Day 2, July 3, 2015
On the second and final day of hearings on our injunction to stop the so-called Fair Elections Act, Harper government lawyers presented an unconvincing rebuttal.
They had a tough act to follow. On day one, supported by testimony from Elections Canada, elections experts and civil rights groups, our legal team presented powerful evidence that eliminating the voter identification card as valid ID stands to block tens of thousands of eligible voters – mostly students, seniors, aboriginals and the disabled – from casting their ballots in October.
The cards were used by 400,000 voters in the 2011 election. Elections Canada was so pleased with the program that they planned to expand it to cover all 25 million voters in the 2015 federal election.
The government’s defence relied on unfounded claims that stricter voter ID rules are needed to stop fraud at the polls – a claim that has been soundly debunked by election experts like Harry Neufeld, who served as B.C.’s chief electoral officer and a consultant with Elections Canada.
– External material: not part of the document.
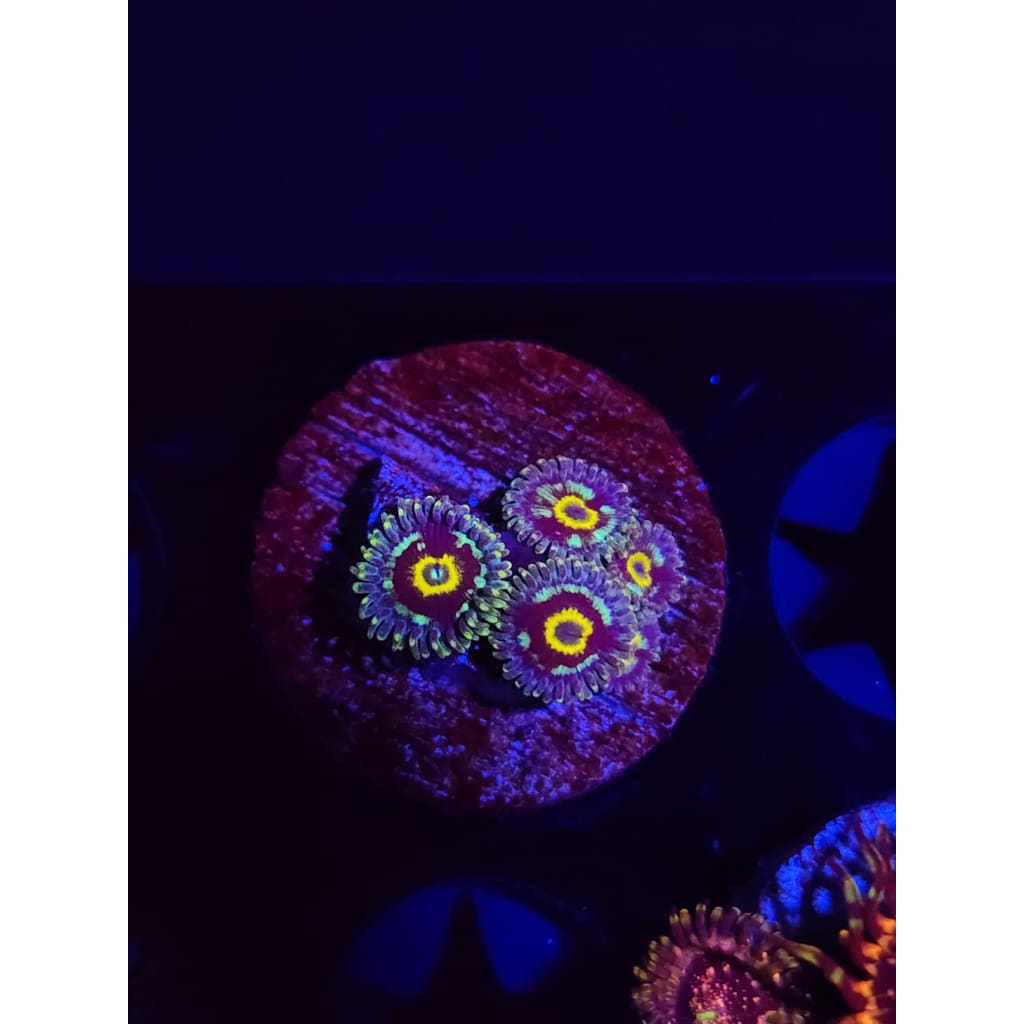 Spectral Hornets Zoanthid Frag WYSIWYG!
As has been their legal strategy throughout this constitutional challenge, government lawyers once again attempted and failed to undermine the credibility of expert witnesses, rather than counter their testimony. They also used outdated reports and isolated irregularities to try to manufacture widespread problems with the program.
At the end of the day, the Harper government’s defence boiled down to this: It’s not the government’s job to make voting easier.
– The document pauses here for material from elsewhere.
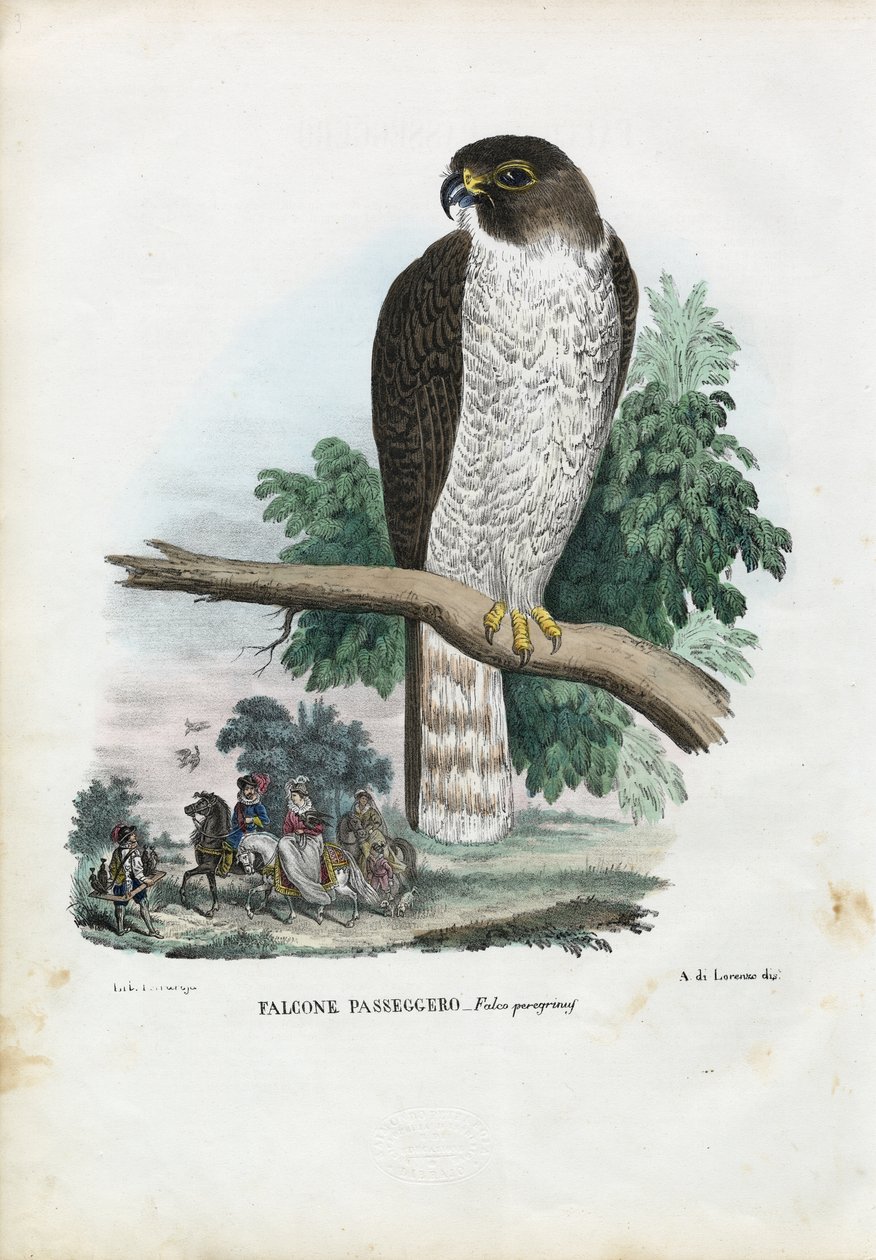 Sokol stěhovavý, 1863-79 od Raimundo Petraroja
And that’s where they’re wrong.
Not only does such a callous and disturbing statement reveal their contempt for true democracy, it misses the heart of the matter.
This isn’t about making voting easier. It’s about making voting fair – truly fair.
We expect the court to return with its ruling on whether an injunction will be granted by July 20.
In the meantime, I want to thank you once again for your generous contribution to making this vital legal action possible.